Casabianca Jodi M, Lockwood J R, McCaffrey Daniel F
The University of Texas at Austin, Austin, TX, USA.
Educational Testing Service, Princeton, NJ, USA.
Educ Psychol Meas. 2015 Apr;75(2):311-337. doi: 10.1177/0013164414539163. Epub 2014 Jun 22.
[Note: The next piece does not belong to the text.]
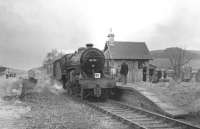 42737 at Broughton on 29 March 1964 with <I>Scottish Rambler no 3</I>. The <I>Crab</I> had brought the special from Symington to what was then the limit of the former route to Peebles (the line east having closed in 1954). This surviving section had been retained to serve a nearby meat processing facility. On the left is the old island platform built in 1896 to serve the Talla Railway [see image 6635]. <br><br>[John Robin 29/03/1964]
Observations and ratings of classroom teaching and interactions collected over time are susceptible to trends in both the quality of instruction and rater behavior. These trends have potential implications for inferences about teaching and for study design. We use scores on the Classroom Assessment Scoring System-Secondary (CLASS-S) protocol from 458 middle school teachers over a 2-year period to study changes over time in (a) the average quality of teaching for the population of teachers, (b) the average severity of the population of raters, and (c) the severity of individual raters. To obtain these estimates and assess them in the context of other factors that contribute to the variability in scores, we develop an augmented G study model that is broadly applicable for modeling sources of variability in classroom observation ratings data collected over time. In our data, we found that trends in teaching quality were small. Rater drift was very large during raters' initial days of observation and persisted throughout nearly 2 years of scoring. Raters did not converge to a common level of severity; using our model we estimate that variability among raters actually increases over the course of the study. Variance decompositions based on the model find that trends are a modest source of variance relative to overall rater effects, rater errors on specific lessons, and residual error. The discussion provides possible explanations for trends and rater divergence as well as implications for designs collecting ratings over time.
随着时间的推移收集的课堂教学及互动的观察结果和评分,容易受到教学质量和评分者行为趋势的影响。这些趋势对教学推断和研究设计具有潜在影响。我们使用458名中学教师在两年时间内的课堂评估评分系统-中学版(CLASS-S)协议得分,来研究以下方面随时间的变化:(a)教师群体的平均教学质量,(b)评分者群体的平均严格程度,以及(c)个体评分者的严格程度。为了获得这些估计值并在导致分数变异性的其他因素背景下对其进行评估,我们开发了一个扩展的G研究模型,该模型广泛适用于对随时间收集的课堂观察评分数据中的变异性来源进行建模。在我们的数据中,我们发现教学质量的趋势很小。评分者在观察初期的评分漂移非常大,并且在近2年的评分过程中一直持续。评分者没有收敛到一个共同的严格程度水平;使用我们的模型,我们估计评分者之间的变异性在研究过程中实际上会增加。基于该模型的方差分解发现,相对于整体评分者效应、特定课程的评分者误差和残差误差,趋势是一个适度的方差来源。讨论部分提供了对趋势和评分者差异的可能解释,以及对随时间收集评分的设计的影响。